LLama2 Chat Prompting incorrect? #18

Open 9876691 opened 10 months ago

9876691 commented 10 months ago

From this guide https://replicate.com/blog/how-to-prompt-llama

A prompt with history would look like

<s>[INST] <<SYS>>
You are are a helpful... bla bla.. assistant
<</SYS>>

Hi there! [/INST] Hello! How can I help you today? </s><s>[INST] What is a neutron star? [/INST] A neutron star is a ... </s><s> [INST] Okay cool, thank you! [/INST]

It may even be that the newlines can be removed.
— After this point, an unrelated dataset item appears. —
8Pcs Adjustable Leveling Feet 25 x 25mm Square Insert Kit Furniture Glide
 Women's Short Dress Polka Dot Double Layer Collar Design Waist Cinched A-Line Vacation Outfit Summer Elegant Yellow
So I think this prompt technique should replace the one in https://github.com/AmineDiro/cria/blob/main/src/routes/chat.rs#L16

AmineDiro commented 10 months ago

🤔 Interesting ! I actually think that you are right but I tested the chat/completions on some example and didn't saw any issues. Did you experience issues when testing ? btw, I am testing with llama-2-7b-chat.ggmlv3.q4_0.bin

9876691 commented 10 months ago

I'll try llama-2-7b-chat.ggmlv3.q4_0.bin and let you know what results I get. I'll also test the streaming.

Thanks

9876691 commented 10 months ago

@AmineDiro Could you run the docker build action for me? as I use the cria image as my base image and then I add in the model from hugging face.